International support for the Palestine Liberation Organisation (PLO) - despite its rejection of the 1922 League of Nations Mandate for Palestine and article 80 of the United Nations Charter – could be exploited by China to blunt international action following an unfavourable ruling by the Permanent Court of Arbitration against China in The Hague.
Having boycotted those proceedings - Chinese President Xi Jinping then immediately dismissed the decision – which denied China had any legal basis to claim historic rights to the bulk of the South China Sea:
"China will never accept any claim or action based on those awards”
His rejection was as peremptory as that of the PLO – which declared in Article 18 of its original 1964 Charter:
“The Balfour Declaration, the Mandate system and all that has been based upon them are considered fraud.”
Can one forgive small players who wilfully shred international law but demand big players conform to legal decisions not to their liking?
This position was revised when the Charter was redrafted in 1968 – article 20 declaring:
“The Balfour Declaration, the Mandate for Palestine, and everything that has been based upon them, are deemed null and void.”
These provisions have been a major contributing factor in preventing a resolution of the Jewish-Arab conflict for the last 52 years.
The international community has not punished the PLO for its unilateral demolition of these international-law building blocks but to the contrary has granted the PLO diplomatic recognition whilst also welcoming the PLO into the United Nations.
Should China be demonized because it also chooses to ignore a determination in international law that it regards as inimical to its national interest?
Does size matter? Can one forgive small players who wilfully shred international law but demand big players conform to legal decisions not to their liking?
The international community has some serious soul-searching to do.
Vietnam may now be ruing its welcoming embrace of the PLO by:
- Establishing ties with the PLO in 1968
- Allowing the PLO to open its resident Representative Office in Vietnam in 1976
- Elevating the PLO's resident Representative Office to the status of Embassy in 1982
Clearly concerned by China’s response to The Hague decision – Vietnam’s Foreign Ministry spokesman Le Hai Binh has declared:
"Vietnam strongly supports the resolution of the disputes ... by peaceful means, including diplomatic and legal processes and refraining from the use or threats to use force, in accordance with international law,"
That response is what one would normally expect – but when you have not demanded the same of the PLO for the last 48 years then such statement amounts to an indefensible double standard.

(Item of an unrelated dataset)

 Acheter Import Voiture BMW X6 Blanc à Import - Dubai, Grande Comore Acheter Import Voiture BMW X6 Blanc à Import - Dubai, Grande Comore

Other countries vitally affected by the South China Sea ruling include the Philippines – the plaintiff in The Hague proceedings - Japan, Malaysia and Indonesia. They may find their long-standing ties with the PLO similarly embarrassing as they confront an angry China.
China on the other hand can argue that rejecting the South China Sea judgement is consistent with China’s recognition of the law-trashing PLO in 1988 – since International law means nothing to China and the PLO.

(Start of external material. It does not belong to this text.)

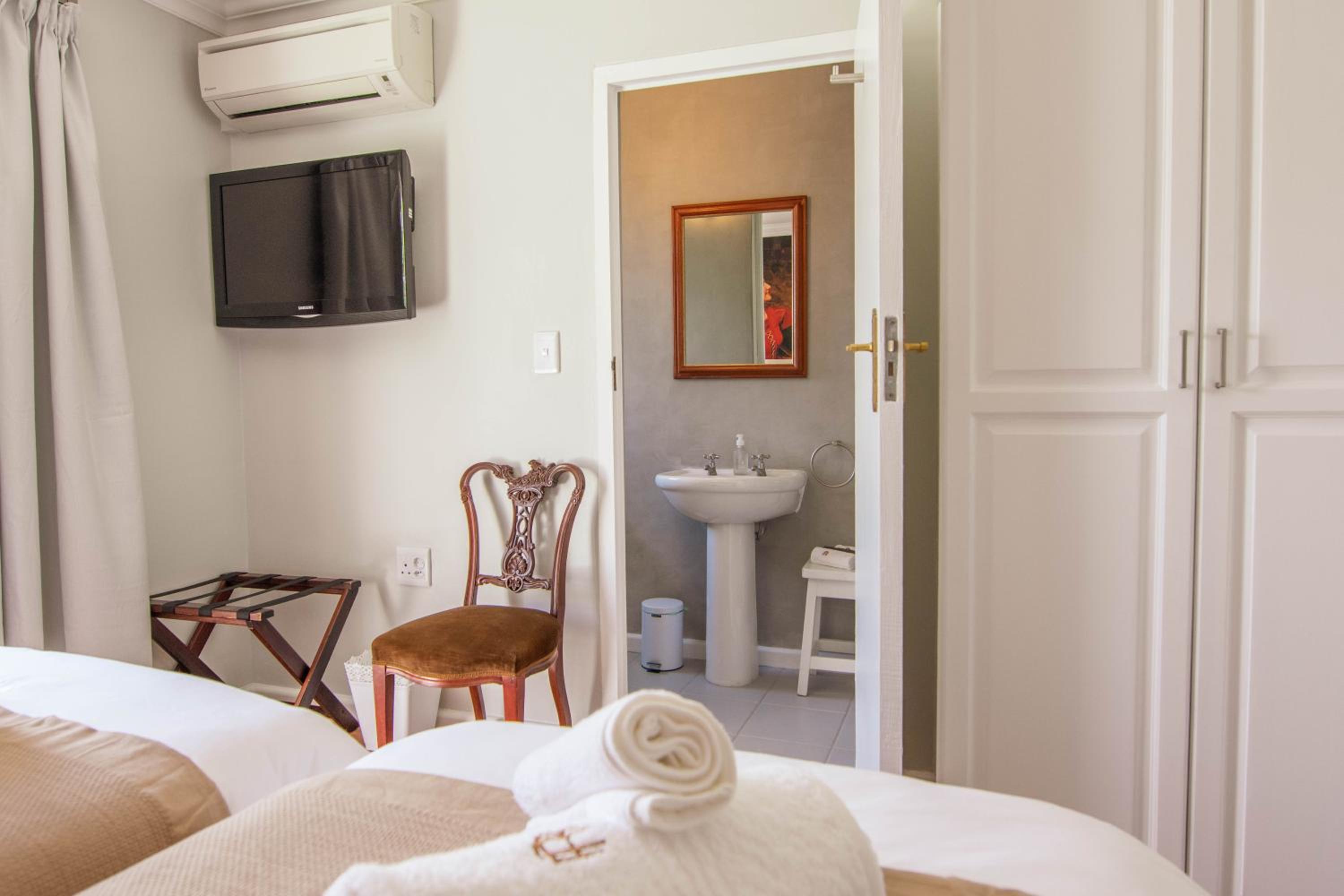 Rozenburg Guest House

The Hague ruling is regarded as legally binding – but there is apparently no mechanism to enforce it.
Boycott Divestment and Sanctions programs against China will have little effect.
Rejecting China’s claim to any historic rights in the South China Sea stands in stark contrast to the acceptance of Jewish historic rights to reconstitute the Jewish National Home in Judea and Samaria (the" West Bank") – recognized by the Mandate for Palestine and article 80 of the UN Charter – but erroneously claimed by the UN Security Council to be in violation of international law.
Double standards in the international community have a horrible way of coming back to bite those indulging in such dangerous games.